So, I told you a few days ago that I was back in the game, and that was true. For about a day. The very next day I didn't write anything, yet again, and then the next day was Sunday, which is my day off. Sheesh, I am really not getting very far in this year's Nano am I? I am happy to announce that I did force my way through almost 4K though.
This year is just really weird for me. I am dealing with several new circumstances with this new book that I have never tried before, and I can't really say that I am a fan. I doubt I will be writing another book like this one, or at least not one this long. I really do think that this book is meant to be much shorter, considering the age of my audience, so it has really been difficult to stretch it out. Luckily since it shouldn't be this long I'll have no problem deleting a lot of the really bad stuff that I have written so far. Ick! Really, that is how I feel about a good amount of the words I have managed to get down.
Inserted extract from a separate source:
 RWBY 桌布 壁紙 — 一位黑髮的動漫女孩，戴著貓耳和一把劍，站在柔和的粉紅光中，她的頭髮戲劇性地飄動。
So, for the rest of November I will keep sticking it out. If there is one thing that I want, it is to never start a NaNoWriMo and not finish it. I don't think I could deal with the knowledge that I "failed." Now before you lecture me for saying that not reaching 50K is failing, I KNOW! I am a strong believer in the idea that getting even one word down towards Nano is a "win." For me personally though, I never want to say I didn't reach that 50K goal.
Ever since I started doing NaNoWriMo in 2009 I have had a fierce competition with my former roommate, the one who got me started in the first place. She beat me in 2009 by about an hour. We both finished on Thanksgiving, and I just so happened to spend a little more time with extended family than she did that year. Ever since then I have come out on top first. I fiercely hold to this competition! To add to that, my Mom decided to try her hand again this year. After all this time of telling her she could do it, she is really doing it this time, and I fully believe that she is going to finish in grand fashion. This however puts me in a funky situation, being a four time Nano veteran ('09, '10, '11, August '12). She started off with a daily goal of 2,500 words. I normally would do this much in a day or more, but like I said, this year has been crazy difficult for me. I have this mad desire to finish before, because . . . I JUST HAVE TO!!! You know? It's like a rule!
Yeah, I know I am kinda crazy. I think I am working towards letting go of all of that. After a while the 1,667 daily word count wasn't even a challenge for me (on a good day I can get anywhere from 1200-2000 in one twenty-minute sprint), so the competition has been fun. This year though . . . I have reached the point where I would really rather be working on my other WIP and editing my books that I know are close to publishable. And so, I will keep on writing, but I am not going to make a big deal about how much I write. I am not worried in the least that I won't win. Writers of NaNoWriMo come in all styles and speeds. A bunch of my friends have already crossed that 50K finish line, which is pretty insane. I crossed that line right about this time of the month last year, but I had a lot more going for me that time.
So, a summary of all my mumbling up there: I'm not gonna keep aiming for the daredevil finishing date like I usual do. I'm settling for a more casual NaNoWriMo, in which I will come out on top word-count-wise, but I will also take the time to work on publishing my other books.
Keep going people! No matter how you choose to do it, we are gonna make it!